Generative adversarial networks (GANs) produce images quickly, but they’re of relatively low quality. Diffusion image generators typically take more time, but they produce higher-quality output. Researchers aimed to achieve the best of both worlds.

What's new: Axel Sauer and colleagues at Stability AI accelerated a diffusion model using a method called adversarial diffusion distillation (ADD). As the name implies, ADD combines diffusion with techniques borrowed from GANs and teacher-student distillation.

Key insight: GANs are fast because they produce images in a single step. Diffusion models are slower because they remove noise from a noisy image over many steps. A diffusion model can learn to generate images in a single denoising step if, like a GAN, it learns to fool a discriminator, while the discriminator learns to identify generated output. The resulting one-step output doesn’t match the quality of multi-step diffusion, but distillation can improve it: While learning to fool the discriminator, the diffusion model (the student) can simultaneously learn to emulate the output of a different pretrained diffusion model (the teacher).

How it works: The authors paired a pretrained Stable Diffusion XL (SDXL) generator (the student) with a pretrained DINOv2 vision transformer discriminator. The teacher was another pretrained Stable Diffusion XL with frozen weights. They didn’t specify the training dataset.

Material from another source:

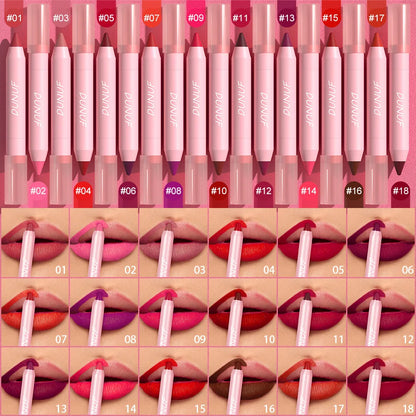 18-Color Waterproof Lipstick Pencil – Sexy Red Matte Contour Tint Lipliner Pen for Long-Lasting, Non-Stick Cup Lip Makeup. Cosmetic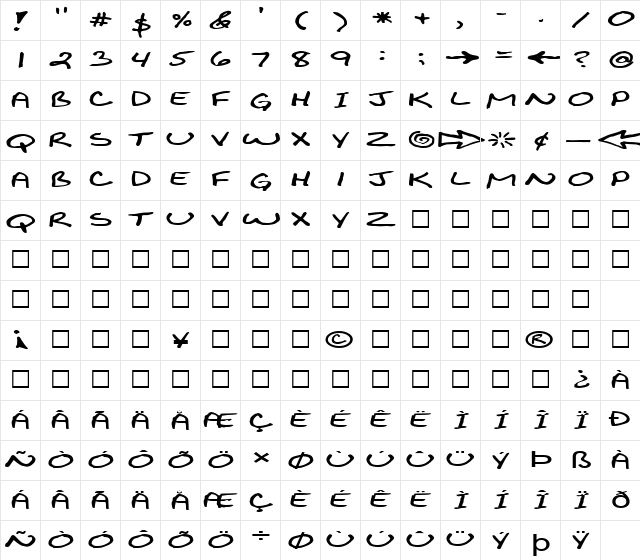 FZ JAZZY 29 EX Bold  glyph index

The researchers added noise to images in the training dataset. Given a noisy image and the corresponding caption, the student model removed noise in a single step.
Given the student’s output, the discriminator learned to distinguish it from the images in the dataset.
Given the student’s output with added noise plus the caption, the teacher removed the noise from the image in a single step.
The student’s loss function encouraged the model to produce images that the discriminator could not distinguish from images in the dataset and to minimize the difference between the student’s and teacher’s output.

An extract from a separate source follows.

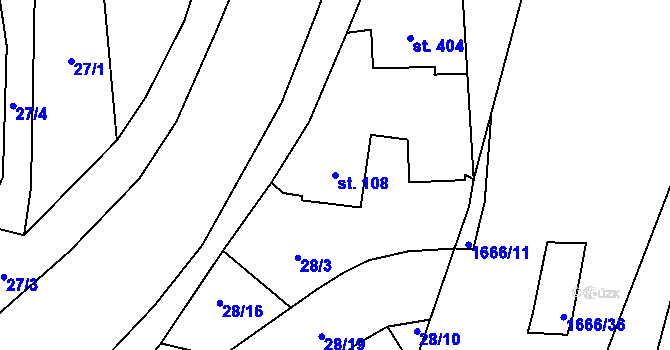 Parcela st. 108 v KÚ Opatovice nad Labem, Katastrální mapa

Results: The authors tested their method using 100 prompts from PartiPrompts. They compared the student’s output after either one or four denoising steps to a pretrained SDXL after 50 denoising steps. Human judges were asked which they preferred with respect to (i) image quality and (ii) alignment with the prompt. They preferred the student’s four-step images about 57 percent of the time for image quality and about 55 percent of the time for alignment with the prompt. They preferred SDXL to the student’s one-step images around 58 percent of the time for image quality and 52 percent of the time for alignment with the prompt.

Why it matters: In this work, the key steps — having a student model learn from a teacher model, and training a generator against a discriminator — are established techniques in their own right. Combining them conferred upon the student model the advantages of both.

We're thinking: With the growing popularity of diffusion models, how to reduce the number of steps they take while maintaining their performance is a hot topic. We look forward to future advances.